If that's what those constraints mean, it does seem like a reasonable ask of other backends, at least at first glance.

(I'd really like to hear more from potential backend implementers on how feasible all these various ideas are)

3 Likes

Well, you've got a problem there, because that's a complete list of everything LLVM will let you mark as a clobber! I suspect LLVM treats inline assembly as a flag fence, for anything not expressible as a register (x86 is weird in that you can write asm!("":::"rflags"), for example).

I doubt Rust needs to be informed of any other machine state than memory and registers; for example, I doubt LLVM, or any other reasonable backend, has any knowledge of CSRs in RISC-V.

You're basically correct. I specified =&r because, semantically, that's how we humans use the Clang =r constraint; Clang is often smart enough to use the more constrained =r LLVM constraint. =*m means that you're passing a pointer to the asm block, and that the assembly is going to read or write from that pointer. Consider (I don't write a lot of IR, so I might have this slightly wrong):

; This is a made up assembly language with Intel syntax.
%1 = call i32 asm "load_word $0, $1", "=r,=*m" (%my_ptr)

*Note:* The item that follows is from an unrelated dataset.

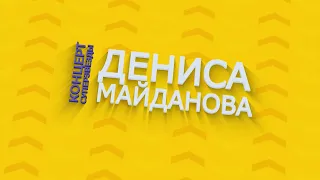 Праздничный концерт от Дениса Майданова в честь 435 летия в День города на Патриаршей площади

"r" is useful for when you need to get values into the assembly but don't care what register it is; compare with doing a manual callq, where you might want to ask the compiler to set up the calling convention in a way that is friendly to the register allocator. Of course, there's other register categories; FPU and SIMD registers are the most well-known, and what they mean tends to be really platform dependent. There's also the problem that "register" is a pretty flimsy concept: x86 famously has the %al < %ax < %eax < %rax and %xmm0 < %ymm0 < %zmm0 hierarchies, so that when I write

asm!("movb $0, $1" : "=r(a)" : "r(b)");

the assembler has to figure out which width of %rax to use with each register (in this case, %al).

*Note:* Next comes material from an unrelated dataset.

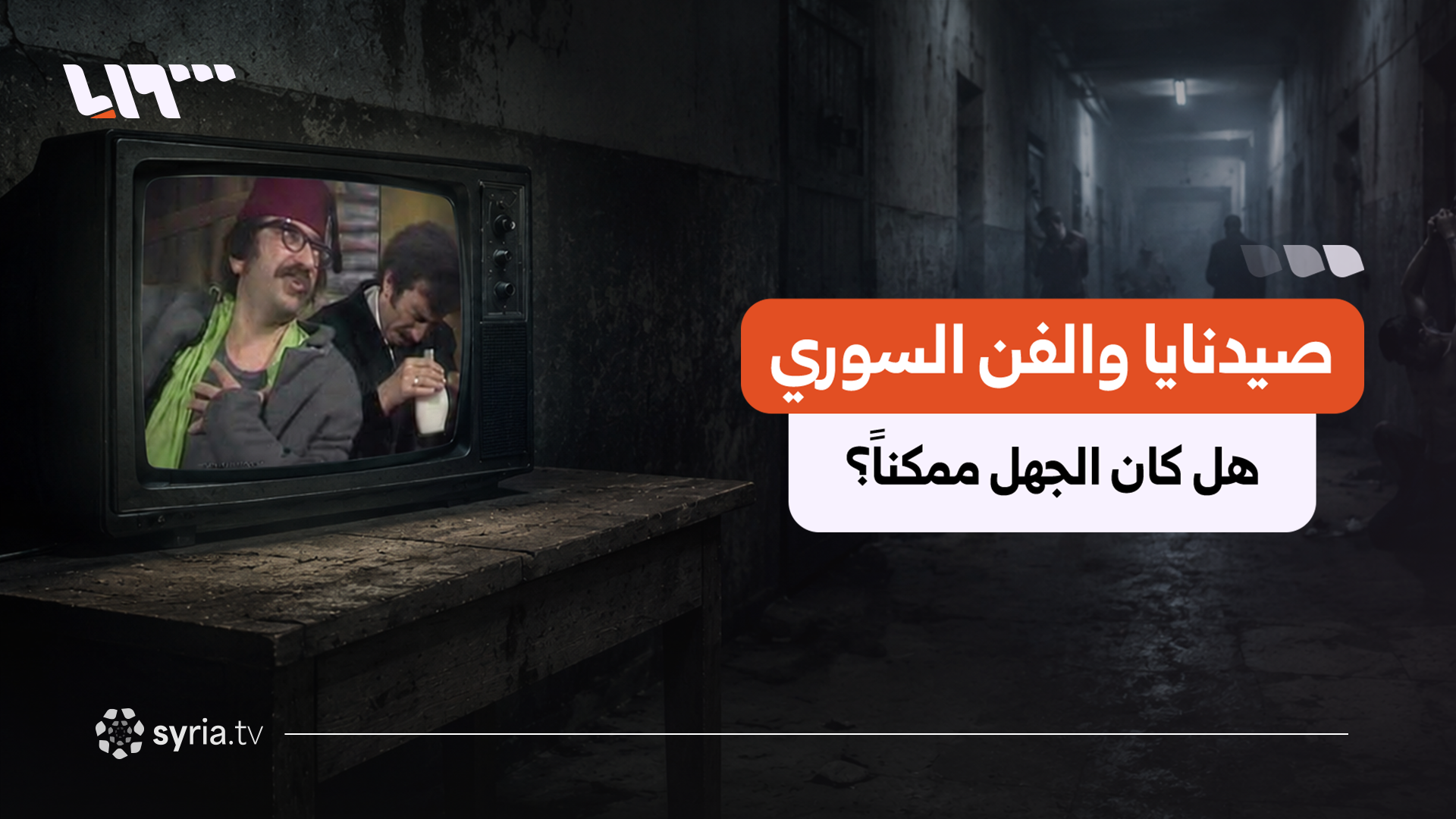 صيدنايا والفن السوري.. هل كان الجهل بما يجري بالمعتقلات ممكناً فعلاً؟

~{memory} simply means that any speculative reads LLVM has made are invalid, and all writes must be flushed before the assembly executes. The only place I've ever used it (and where you always see it) is when implementing libc::syscall() or similar: syscalls don't actually clobber registers, except for the ones used in the syscall ABI.

Could not "flags" be modeled as single-bit registers for purposes of saying what is used for inputs vs. outputs vs. clobbers/used/reset? Could a model that looks like:

  1. Given a list of "Registers" that the HW architecture supports where each designates the bit-width, (where flags are 1-bit registers e.g.)
  2. Given list of registers that the ASM block expects to be populated with inputs
  3. Given list of registers that the ASM block expects to use for output
  4. Given list of registers that the ASM block will modify (and that will need saved before the ASM block is invoked, and restored after, if needed)
  5. A list of memory segments that the ASM block expects some inputs to be in (if any)
  6. A list of memory segments that the ASM block will use for outputs (if any)
  7. A list of memory segments that the ASM block will modify including current stack frame

If all that information were declared (with #1 being a file that defines a HW Architecture Back-End), wouldn't that be enough for the compiler to do what it needs to do? Couldn't it then just pass the in-line assembly block to the system assembler and in-line the object code that that generated? Obviously, would be unsafe, but, why can't that work and why couldn't that be stabilized? What is the blockers? Is there something fundamentally wrong with this model of things? I'm not normally working at the level of compilers/assemblers, but, I'm having difficultly understanding why that won't just work?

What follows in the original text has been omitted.